Difficile de ne pas voir derrière cette petite comédie en forme de western moderne la peinture cynique d’une Amérique surarmée, biberonnée à la violence et totalement dépendante du pétrole !
Dans ce diner, les criminels restent des criminels mais les innocents font (tous et toujours ou presque) le mauvais choix, et finalement se rabaissent à devenir des criminels aux aussi.
C’est une représentation sans nuance d’un pays devenu sans nuance lui-même. Au casting, à part Jim Cummings (formidable en vendeur de couteaux itinérants, terrifié devenu terrifiant), je ne connais mal les autres comédiens qui sont tout épatants. Joceline Donahue, Michael Abbott Jr, Richard Brake ou encore Sierra Mc Cormick, tous campent comme il faut, sans en faire trop, des personnages hauts en couleur, tous un peu décalés, tous un peu outranciers sans l’être vraiment, comme les affectionnait David Lynch. C’est surtout le cas pour le shérif et son jeune (et inexpérimenté) adjoint, qu’on croirait sorti tout droit de « Twin Peaks » ! Connor Paolo notamment, est juste délicieux en jeune policier plein de bonne volonté. « Last Stop : Yuma County » aurait pu s’appeler « Lost Stop : Yuma County » car, à une lettre près on devine que personne n’en sortira indemne. Ce diner hors du temps et perdu dans le désert à des faux airs de purgatoire, un endroit où on doit décider une fois pour toute si on est du bon ou du mauvais côté de la violence.

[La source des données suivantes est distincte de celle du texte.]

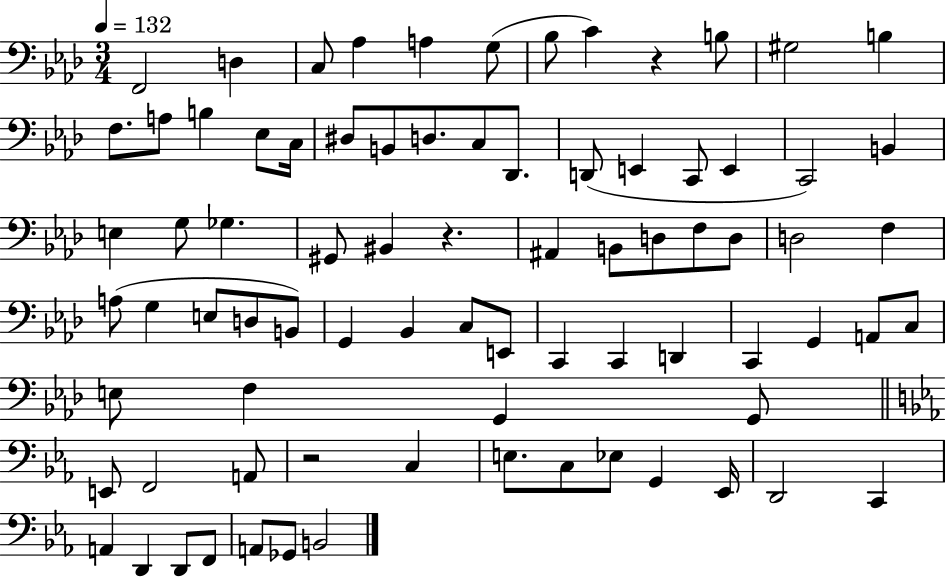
F2/h D3/q C3/e Ab3/q A3/q G3/e Bb3/e C4/q R/q B3/e G#3/h B3/q F3/e. A3/e B3/q Eb3/e C3/s D#3/e B2/e D3/e. C3/e Db2/e. D2/e E2/q C2/e E2/q C2/h B2/q E3/q G3/e Gb3/q. G#2/e BIS2/q R/q. A#2/q B2/e D3/e F3/e D3/e D3/h F3/q A3/e G3/q E3/e D3/e B2/e G2/q Bb2/q C3/e E2/e C2/q C2/q D2/q C2/q G2/q A2/e C3/e E3/e F3/q G2/q G2/e E2/e F2/h A2/e R/h C3/q E3/e. C3/e Eb3/e G2/q Eb2/s D2/h C2/q A2/q D2/q D2/e F2/e A2/e Gb2/e B2/h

Mais dans un pays où tout le monde ou presque à une arme à la ceinture (et ceux qui n’en en pas savent apparemment s’en servir malgré tout), le destin de ces personnages en quête d’(es)sence semble scellé d’avance.
Ce film est une bonne surprise, un film indépendant qui sort au cœur de l’été, sans publicité tapageuse, mais qui mérite grandement le déplacement.